The actual problem asks us to look for a missing 32bit IP address in a file with billions of IPs, potentially all IP combinations but 1. For simplicity's sake, we can just return the first missing IP that doesn't appear.

## All IP's available
Example IP:

`255.255.255.255`

OR in Binary Representation

`11111111.11111111.11111111.11111111`


This shows there are 32 bits total, and this leads to the idea that there are 2^32 possiblities. 2^32 / 8 bytes = ~ 0.5 GB. This is far more than how much RAm we have available.

## Using Our Available RAM

Instead of looking at the whole IP, let's just look at first half of the IP first to compare. This allows us to just worry about 2^16 possibilities. 

2^16 / 8 bytes is < 1 Mb. We have plenty of RAM to handle this case.

## Implementation

### 16 MSB (Most Significant bits)
First we want to create "buckets". Essentially, the first bucket out of the 2^16 entries in the `counter` array that is less than the total potential bucket capacity. 
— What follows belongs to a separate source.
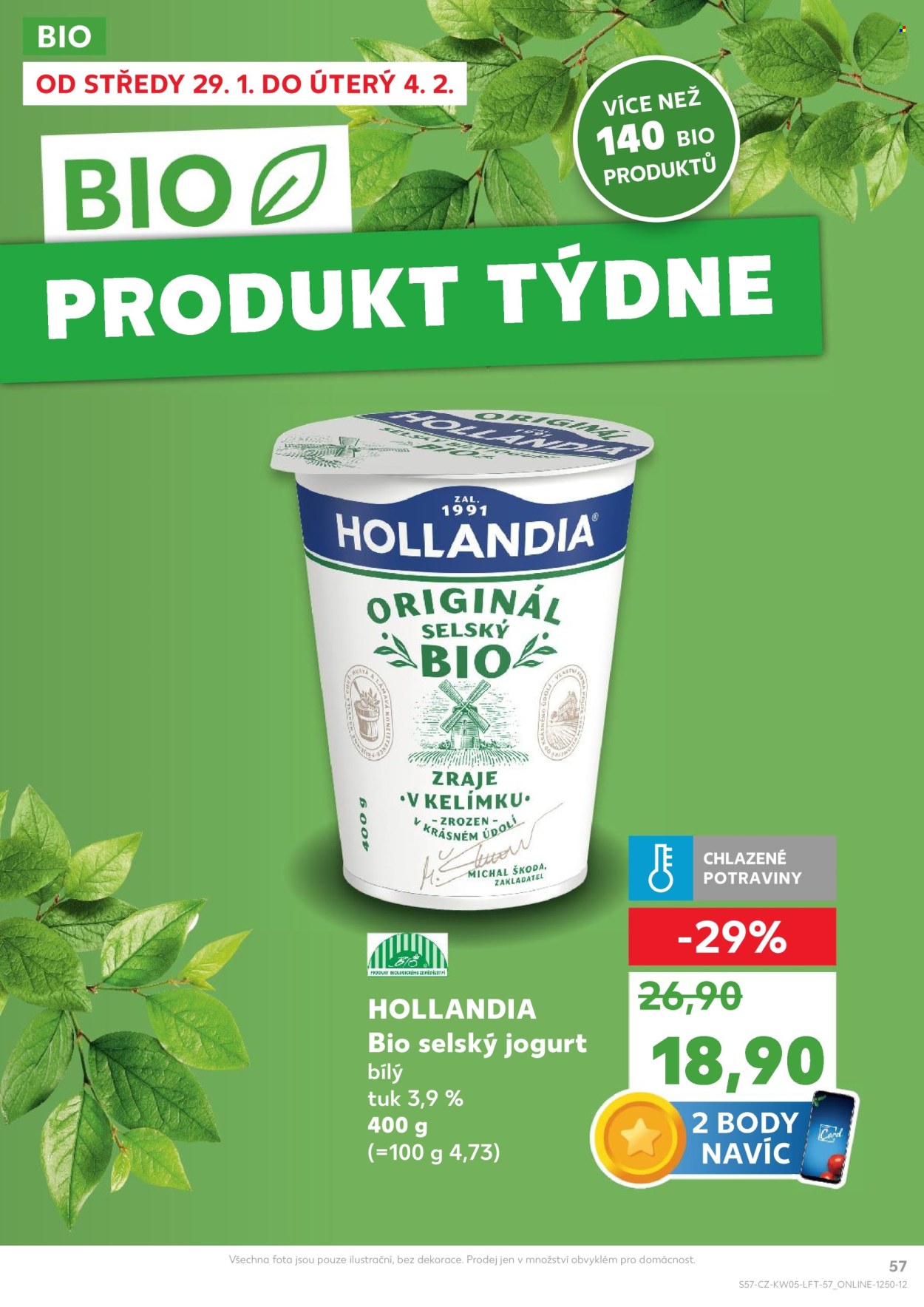 Leták Kaufland - 29.1.2025 - 4.2.2025. Strana 57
The way we will traverse the file is by using an iterator in python to stream the file, one IP at a time.

In [None]:

import itertools

# Each of these represents different IPS
# Ex as shown below: 0.0.0.0, 0.0.0.1, 255.255.255.255, ..etc
stream = iter([0, 1, 222200, 4294967295, 112])

num_bucket = 1 << 16
counter = [0] * num_bucket
stream, stream_copy = itertools.tee(stream)
# We can easily get the 16 Most significant bits by just right shifting the IP by 16 bits. The result is the MSB for making our buckets
for x in stream:
    upper_part_x = x >> 16
    counter[upper_part_x] += 1

print(counter)

Since our test case is so small, the first bucket will be the first entry in the counter array.

In [21]:
# Return the first bucket index that has less than the capacity
bucket_capacity = 1 << 16
candidate_bucket = next(i for i, c in enumerate(counter) if c < num_bucket)
print(candidate_bucket)

0


### 16 LSB (Least Significant bits)

When we find a "bucket" that contains less entries than the potential capacity, we can deduce that there MUST be a missing IP in the last 16 least significant bits.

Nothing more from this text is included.